Fed to force banks to follow tougher capital rules

Published: 03 July 2013
The Federal Reserve warned US banks to expect a new raft of regulations on top of the Basel III capital regime it implemented on Tuesday.

At a board meeting in Washington, Fed officials led by chairman Ben Bernanke agreed to force banks to abide by the new, tougher international Basel III standards from January. But Daniel Tarullo, the Fed governor in charge of regulation, outlined further plans to force the largest banks to sacrifice profits in the name of safety. They include proposals to force banks to hold a higher level of equity against total assets and capital charges targeted at banks most exposed to short-term wholesale funding.

Officials have previously mentioned the ideas in speeches but not as firm policy goals. Tarullo said the Fed was “very close” to unveiling a plan to place a tougher cap on leverage for US banks - favoured by some policy makers as a blunter tool that is harder for the industry to evade than risk-based capital - complaining that the international leverage ratio was "set too low".

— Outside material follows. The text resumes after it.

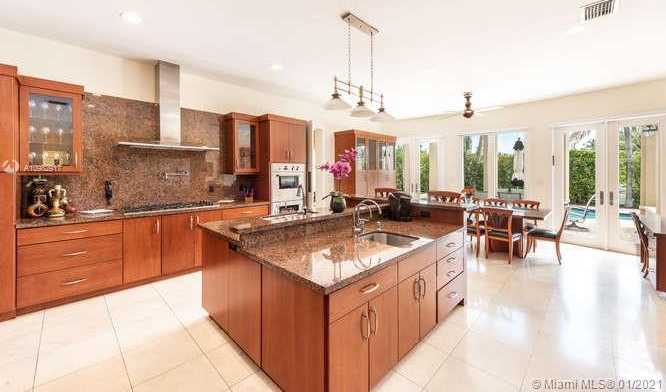 Small Image of 4525 NORTH MERIDIAN AVE, Miami Beach Number 13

By requiring US banks to start following the Basel III rules on capital, Fed officials hope to neutralise complaints from European regulators and politicians about slow adoption of the rules. The US has been pressured by policy makers ranging from Angela Merkel, the German chancellor, and Michel Barnier, the European commissioner, to implement the global Basel III standards, designed to make banks more resilient in a crisis.